## [WHAT THE EXERCISE ASKS]
Give back the data exactly, with no images.

## [MATERIAL FOR THE TASK]
==========
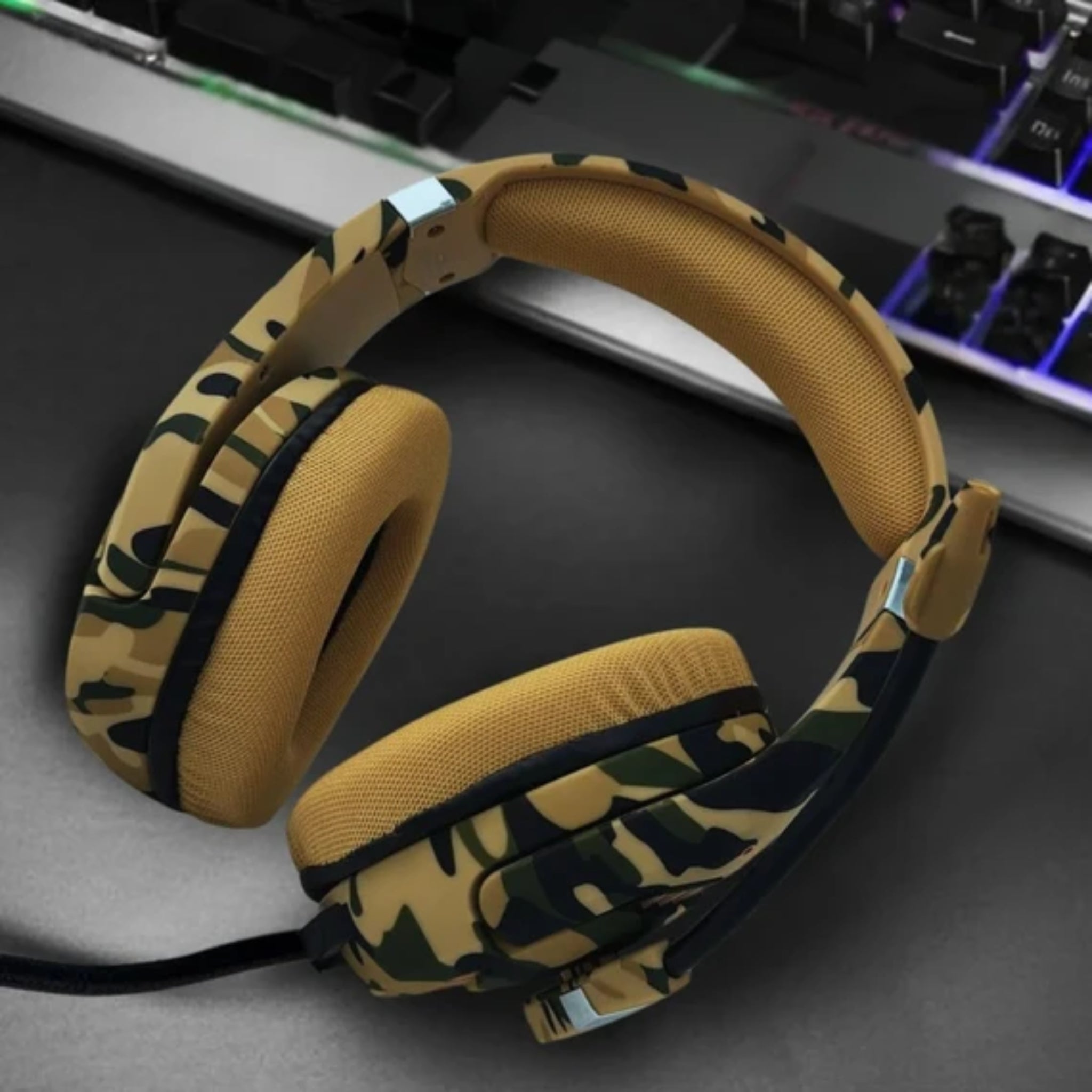 Onikuma K1B PRO Wired Multi-Platform Gaming Headset (50mm Drivers, Noise-Reduction Mic, Glaring LED Lighting)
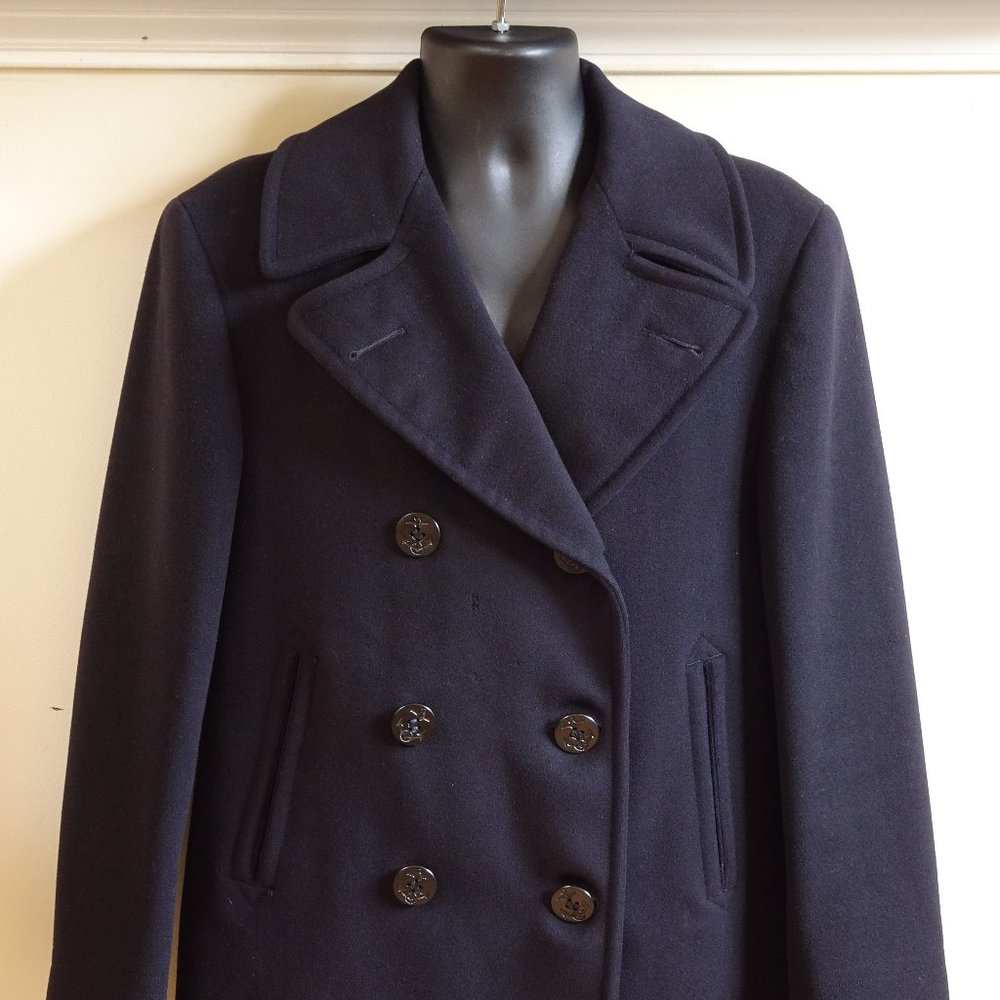 Vintage USN Navy "Naval Clothing Depot" WW2 Dark Blue Wool Pea Coat Size 38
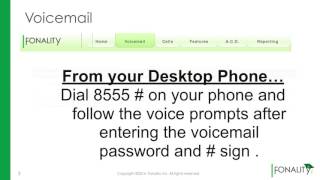 Fonality  Control Panel  Voicemail [upl. by Hannavas]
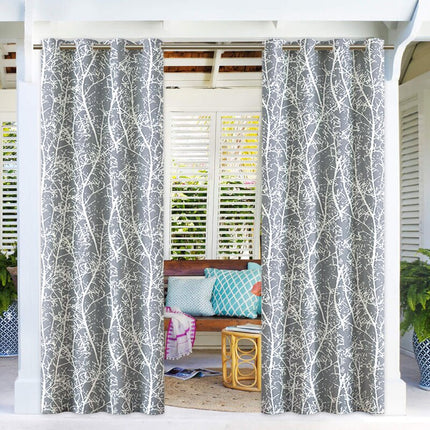 Mönstrad utomhusgardin med grenmotiv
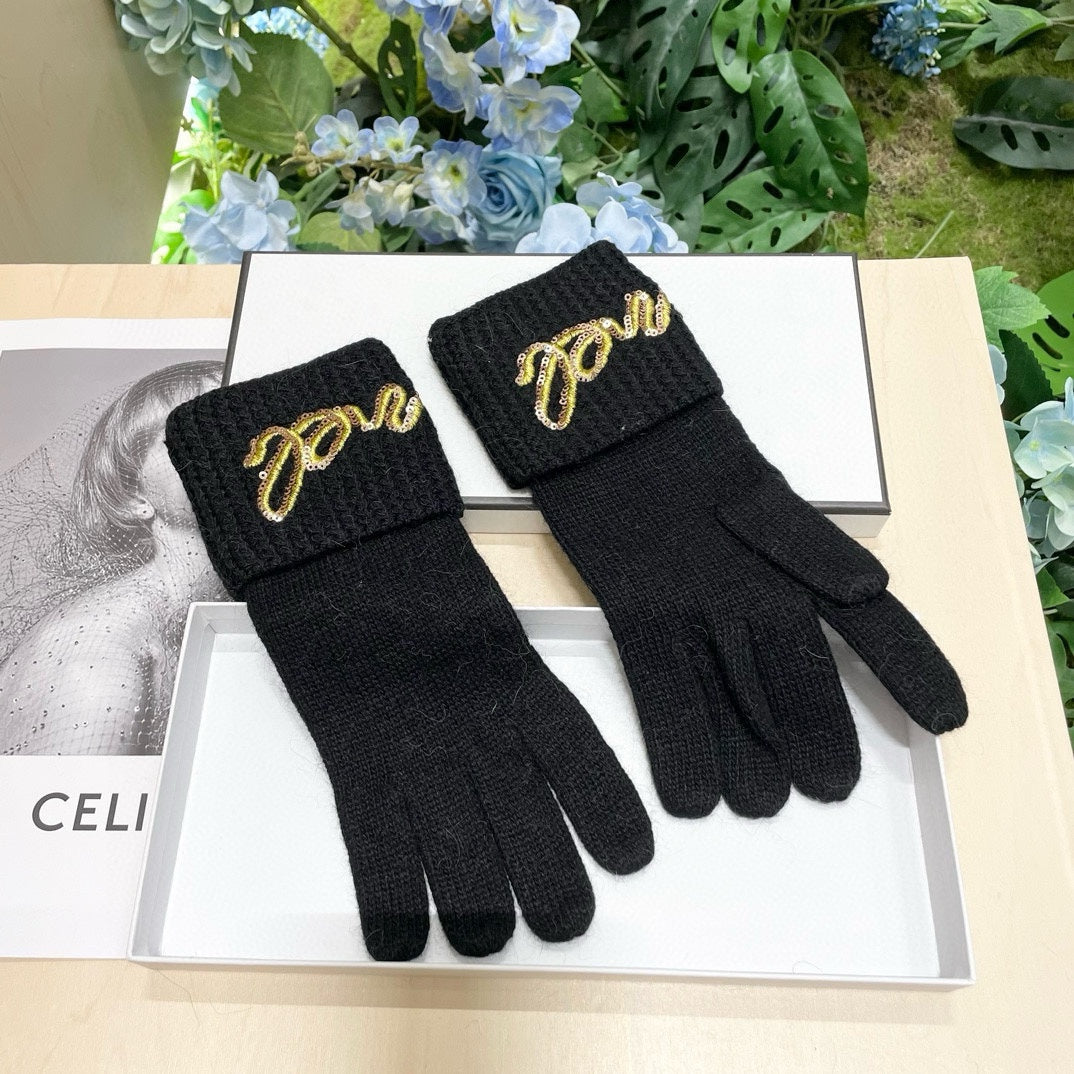 GLOVES IN BLACK WOOL WITH YELLOW LOGO 465778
==========
## [TASK ANSWER]
 Onikuma K1B PRO Wired Multi-Platform Gaming Headset (50mm Drivers, Noise-Reduction Mic, Glaring LED Lighting)
 Vintage USN Navy "Naval Clothing Depot" WW2 Dark Blue Wool Pea Coat Size 38
 Fonality  Control Panel  Voicemail [upl. by Hannavas]
 Mönstrad utomhusgardin med grenmotiv
 GLOVES IN BLACK WOOL WITH YELLOW LOGO 465778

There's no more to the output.